Mercredi 24 novembre, les verts, les sociaux démocrates et les libéraux ont donc conclu un "contrat" de coalition intitulé "Oser plus de progrès. Alliance pour la liberté, la justice et la durabilité". Mais avant d'entrer dans le dur, les trois formations doivent encore obtenir le feu vert de leurs troupes. Les écologistes vont soumettre l'accord de coalition au vote de leurs membres tandis que les sociaux-démocrates et les libéraux organiseront un congrès pour obtenir le feu vert de leurs partis respectifs les 4 et 5 décembre. Le Bundestag devrait être en mesure de se réunir autour du 6 décembre pour élire le successeur d'Angela Merkel : Olaf Scholz deviendra ainsi le quatrième chancelier social-démocrate de l'Allemagne.

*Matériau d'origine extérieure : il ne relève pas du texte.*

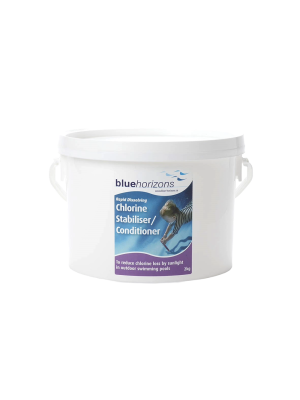 Blue Horizons Chlorine Stabiliser - 2Kg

Les écologistes à l'environnement, à l'économie et aux affaires étrangères
Ce nouveau gouvernement se dote d’un super-ministère qui gérera à la fois l’économie et le climat. Il sera dirigé par l’actuel coprésident des Verts, Robert Habeck, qui deviendra aussi vice-chancelier. Les verts obtiennent par ailleurs les portefeuilles de l’environnement, de l’agriculture et de la famille.
En matière de politique étrangère, des changements sont à attendre avec la nomination de l’écologiste Annalena Baerbock à la tête de la diplomatie allemande. Les Verts ne cachent pas vouloir être moins conciliants que le fut Angela Merkel avec la Chine et la Russie notamment. La responsable écologiste a par ailleurs promis ce mercredi vouloir "revenir à une politique européenne souveraine".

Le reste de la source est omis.